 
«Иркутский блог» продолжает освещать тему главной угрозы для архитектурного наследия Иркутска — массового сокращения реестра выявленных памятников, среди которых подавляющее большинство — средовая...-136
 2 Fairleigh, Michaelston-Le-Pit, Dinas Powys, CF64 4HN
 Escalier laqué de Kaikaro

== == ==

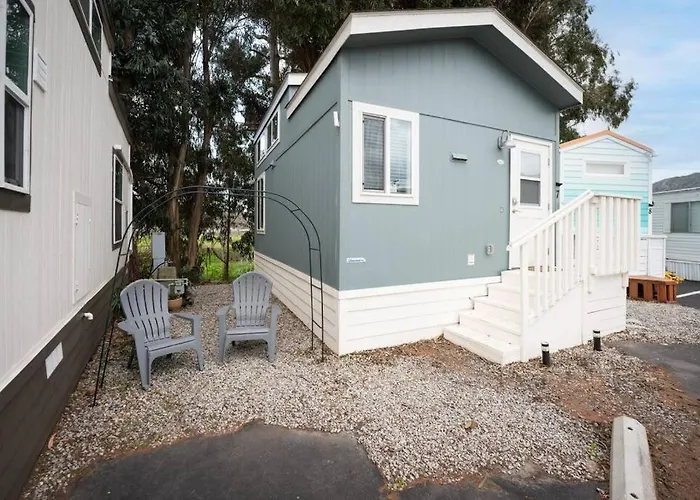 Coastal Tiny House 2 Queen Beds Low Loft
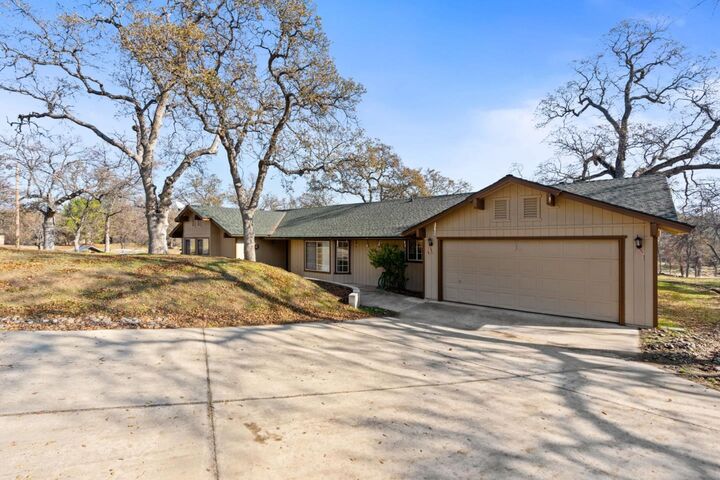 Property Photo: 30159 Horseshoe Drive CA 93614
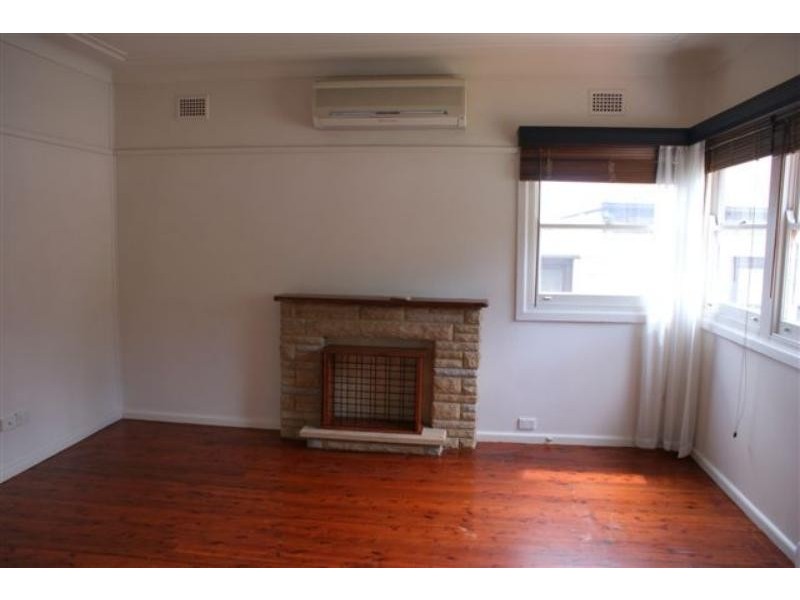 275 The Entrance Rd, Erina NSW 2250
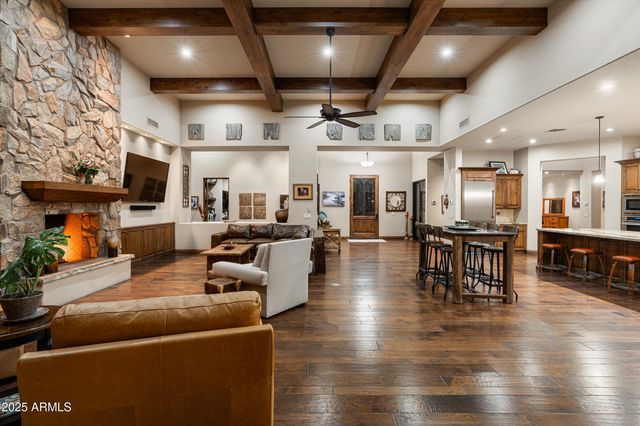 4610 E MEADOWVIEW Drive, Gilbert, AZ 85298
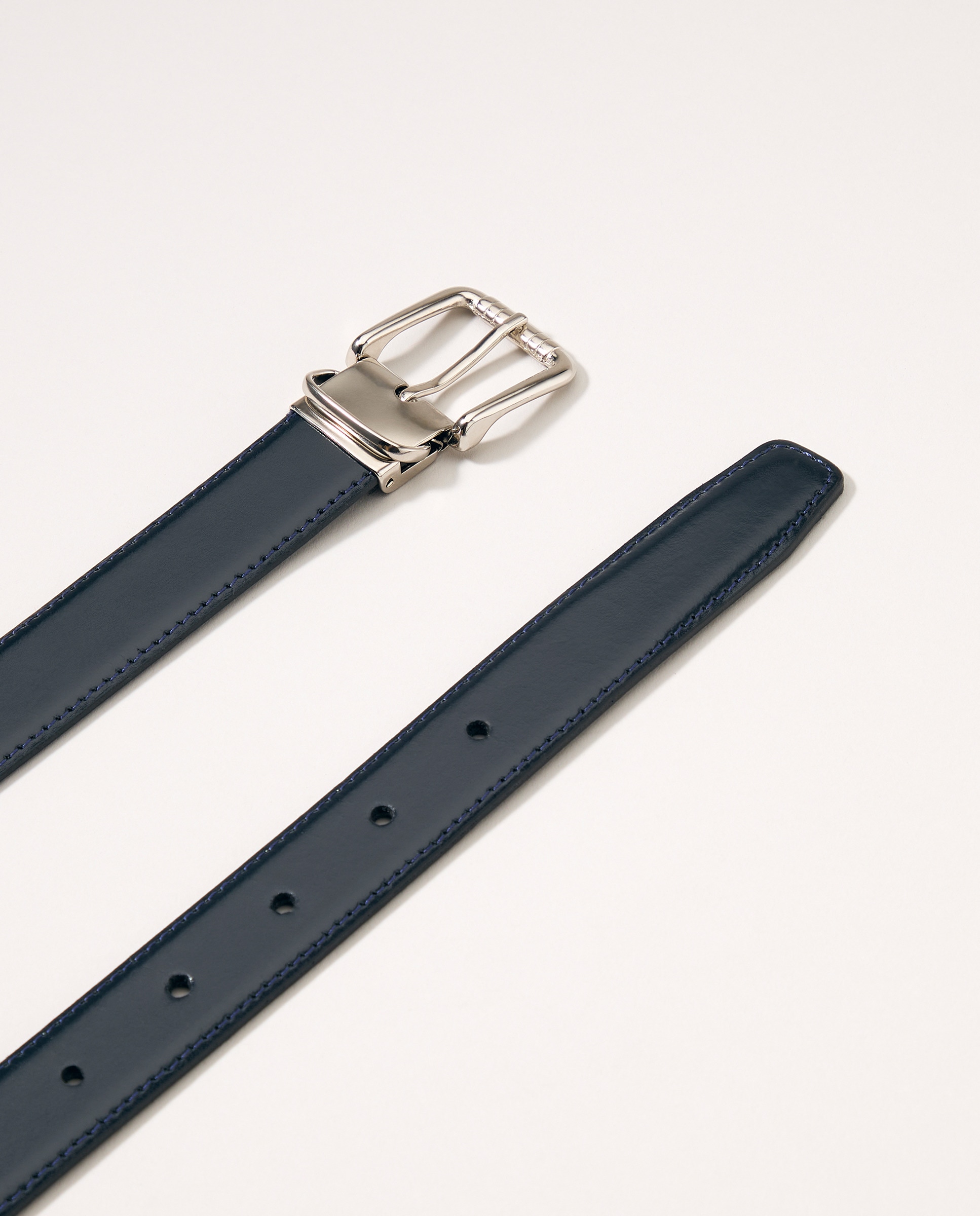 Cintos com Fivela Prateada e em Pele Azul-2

== == ==

> ABOUT THIS EXERCISE: From the records above, print only the lines between the one holding "большинство — средовая...-136" and the one holding "Escalier laqué de Kaikaro", inclusive, exactly as they stand.

> WRITTEN SOLUTION:
«Иркутский блог» продолжает освещать тему главной угрозы для архитектурного наследия Иркутска — массового сокращения реестра выявленных памятников, среди которых подавляющее большинство — средовая...-136
 2 Fairleigh, Michaelston-Le-Pit, Dinas Powys, CF64 4HN
 Escalier laqué de Kaikaro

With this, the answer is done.